Exercise description
If pictures appear, leave them out, and return exactly the lines from the one holding "Show full view: Wellness" through the last line of the listing below.

Material provided
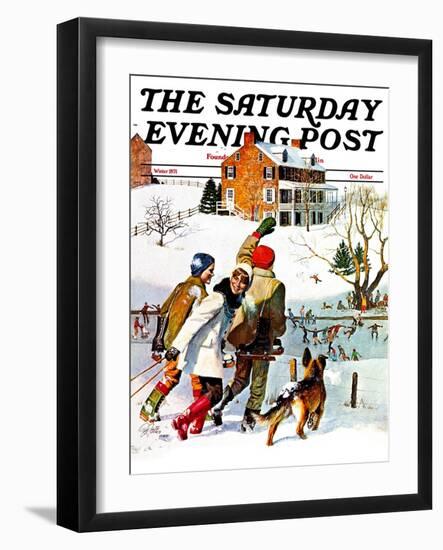 "Ice-Skating in the Country," Saturday Evening Post Cover, December 1, 1971-John Falter-Framed Giclee Print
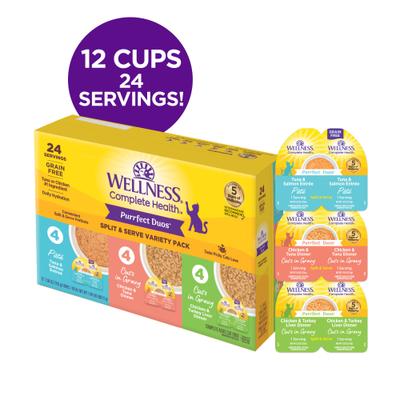 Show full view: Wellness Complete Health Purrfect Duos Variety Pack Grain-Free Pate & Cuts in Gravy Wet Cat Food, 2.64-oz cup, case of 12 slide 3 of 12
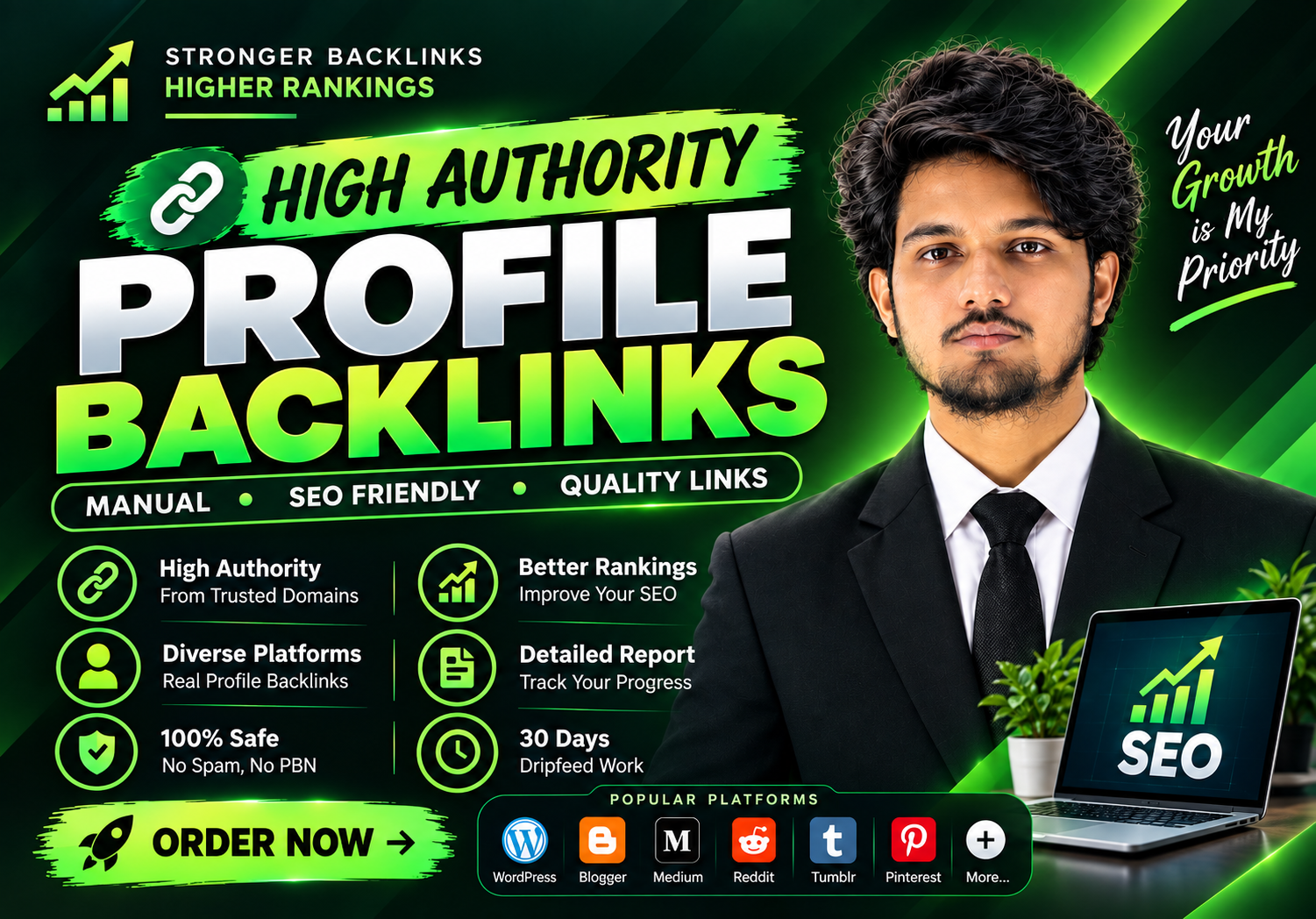 I will build high authority manual profile backlinks ...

Task solution
 Show full view: Wellness Complete Health Purrfect Duos Variety Pack Grain-Free Pate & Cuts in Gravy Wet Cat Food, 2.64-oz cup, case of 12 slide 3 of 12
 I will build high authority manual profile backlinks ...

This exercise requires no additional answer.